** Work item **
Your output should be the listing itself, repeated exactly.

** Dataset content **
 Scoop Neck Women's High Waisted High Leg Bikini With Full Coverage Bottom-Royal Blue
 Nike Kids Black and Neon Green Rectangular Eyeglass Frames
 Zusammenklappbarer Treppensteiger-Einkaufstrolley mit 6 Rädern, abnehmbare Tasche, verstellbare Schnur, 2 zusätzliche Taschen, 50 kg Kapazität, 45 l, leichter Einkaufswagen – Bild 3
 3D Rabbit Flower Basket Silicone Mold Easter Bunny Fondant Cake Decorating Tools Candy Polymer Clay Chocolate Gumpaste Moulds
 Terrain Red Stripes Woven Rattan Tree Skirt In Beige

** Output of the exercise **
 Scoop Neck Women's High Waisted High Leg Bikini With Full Coverage Bottom-Royal Blue
 Nike Kids Black and Neon Green Rectangular Eyeglass Frames
 Zusammenklappbarer Treppensteiger-Einkaufstrolley mit 6 Rädern, abnehmbare Tasche, verstellbare Schnur, 2 zusätzliche Taschen, 50 kg Kapazität, 45 l, leichter Einkaufswagen – Bild 3
 3D Rabbit Flower Basket Silicone Mold Easter Bunny Fondant Cake Decorating Tools Candy Polymer Clay Chocolate Gumpaste Moulds
 Terrain Red Stripes Woven Rattan Tree Skirt In Beige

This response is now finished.